Afghanistan: Does Obama’s strategy make sense?

Assessing President Obama's "surge" in Afghanistan

Finally, we have “a sound and feasible strategy in Afghanistan,” said Frederick Kagan and William Kristol in The Weekly Standard. President Obama has given Gen. Stanley McChrystal the 30,000 new troops he needs to roll back the Taliban and defeat al Qaida. Obama’s decision, announced in a speech last week, was “not flawless”—he shouldn’t have announced that he’d begin to withdraw U.S. troops in July 2011. But with this, his second infusion of troops this year, he will “double” our forces in Afghanistan, enabling us to regain the initiative. This is Obama’s “surge,” said Fred Hiatt in The Washington Post. While not an exact copy of Bush’s last-ditch gambit in Iraq, it has similar elements, including a counterinsurgency campaign aimed at winning popular support and the establishment of clear benchmarks for the Afghan government. “You can’t assume that what worked in Iraq will work in Afghanistan,” but in Iraq, the U.S. demonstrated that “forceful, strategic intervention” can turn what seemed like certain defeat into success.

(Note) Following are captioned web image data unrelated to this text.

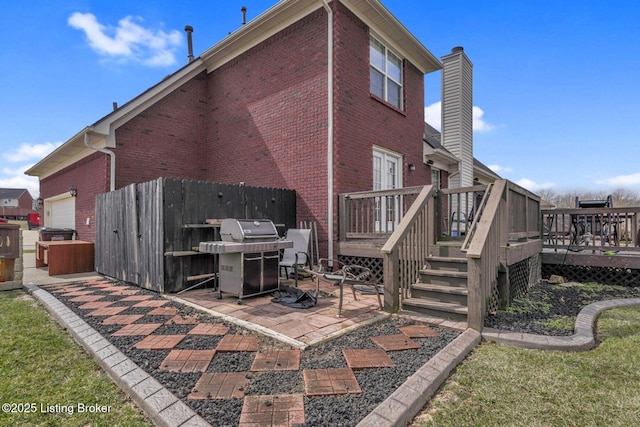 rear view of property with a wooden deck, a patio, brick siding, and fence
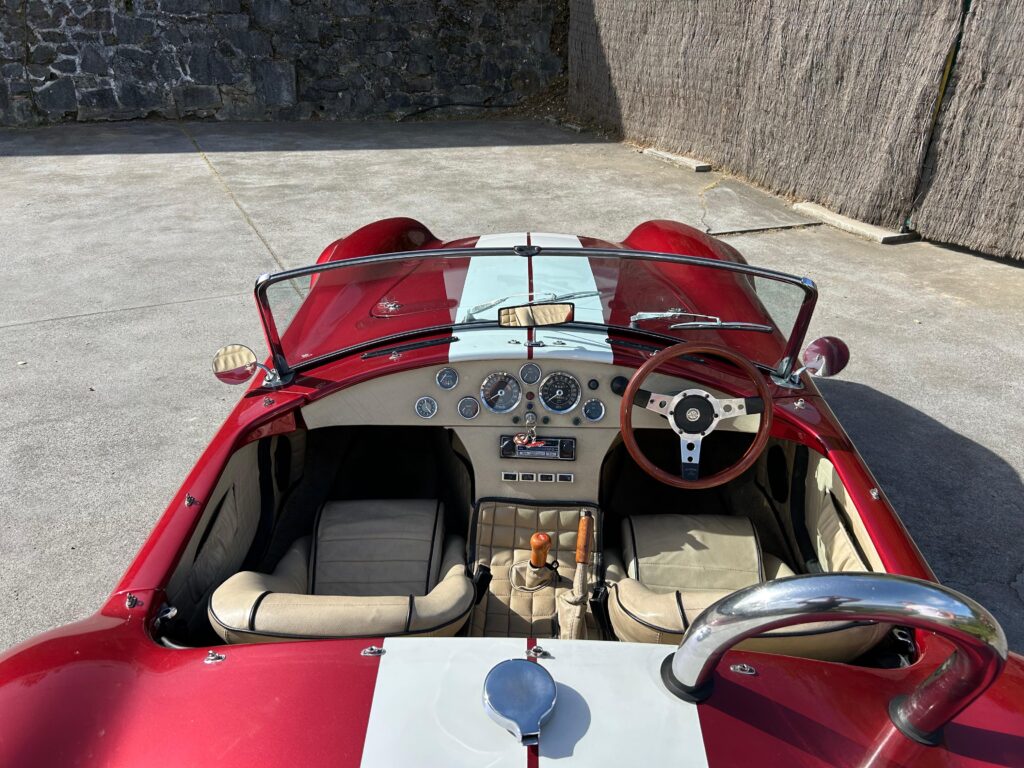 Primer plano de un AC Cobra rojo con rayas de competición blancas, ideal para el alquiler en eventos corporativos y rodajes. Disponible en Bilbao y País Vasco.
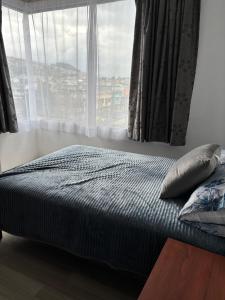 a bed in a bedroom with a large window at Comfortable apartment in South Quito in Quito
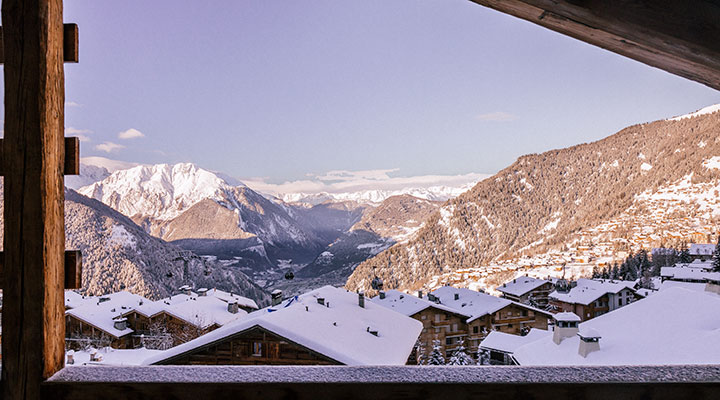 Vista desde un balcón de madera sobre tejados nevados y laderas de montaña, con un cielo despejado y picos iluminados por el sol al fondo.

Some success, said Andrew Bacevich in the Los Angeles Times. George W. Bush invaded Iraq in pursuit of nonexistent weapons of mass destruction, and squandered hundreds of billions of dollars and thousands of lives to turn a dictatorship into a chaotic land of daily violence and unresolved ethnic and religious divisions. After that disaster, Obama was elected to “reset America’s approach to the world.” Instead, he’s succumbed to the same “illusion” that the U.S. can subdue a borderless, global jihad by “fixing” one desperate, failed state. In Afghanistan, the government we’ve chosen to save, at the cost of more American dead and wounded, is incompetent and corrupt. Even if our troops succeed in shutting down some terrorist enclaves, they will simply reappear in Pakistan, Somalia, or elsewhere. “Under the guise of cleaning up Bush’s mess,” Obama has tragically expanded it.